Well, tomorrow is my next appointment - and it will be a fairly important one. If you were lacking things to pray about, throw this one onto your list. I'm crossing my fingers that after tomorrow I will have a clear understanding of everything, and I will be able to share here what's been going on. Then, the following day, I have an appointment with my regular doctor, so hopefully she will have some results for me from some tests, etc. It's going to be a busy week...

Tuesday, April 4

Fragility of Life

It's not a new concept. We've all been told a thousand times before, "life is fragile", "live every day like it's your last", "no one lives forever". However, it has really only become real to me this past year with the death of our precious baby. Our days here on earth are numbered. All of us have the same fate - no one will be here forever.

Now, more than ever before, I want to be surrounded by family and friends at all times. My heart aches to have my brother and sister-in-law, niece and nephew living far away. These years go by so quickly, and it's so easy to take them for granted. Occasionally this has overwhelmed me lately, as I want to make sure that my every last breath is used so that others will say when I'm gone "she made a difference in my life". Those are some tough shoes to fill.

These days, the little bit of dust on the windowsill doesn't bother me so much. The laughter of children playing in the spring run-off is refreshing. My husband walking through the door after work is heaven. Everything is more precious, everything is more beautiful.

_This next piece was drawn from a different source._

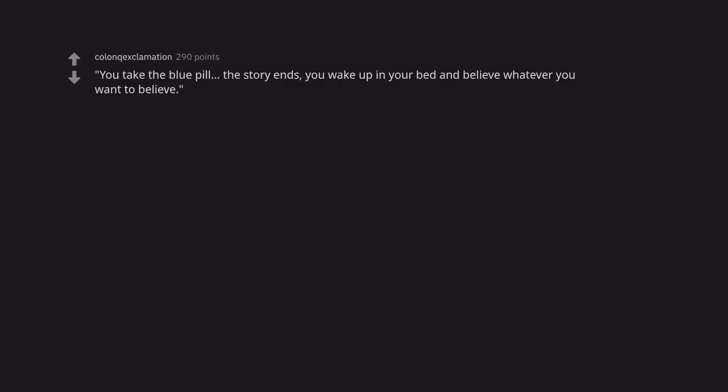You take the blue pill, the story ends, you wake up in your bed and believe whatever you want to believe.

To think that God blessed me, a wretched sinner, with all of these earthly blessings. Why me? I definately don't deserve it. I also realize, more than ever, the importance of having my family and friends following Christ. I want them to share my eternal home with me. How can I tell them how important this is without turning them away forever? Or will my tear-stained cheeks, and pleading eyes impart to them the value of my words, and the truth of my actions? Or maybe a simple hug will plant a seed deep in their hearts that Christ Himself will water, and I will see all of those wonderful faces when we walk hand-in-hand through that glorious Gate someday.

These are probably fairly deep and scary thoughts for a Tuesday morning, but it was on my heart. I pray for each of you daily, that my words posted here will bless you, encourage you, and give you peace. May God richly bless you today. May everything good in your life seem extra sweet!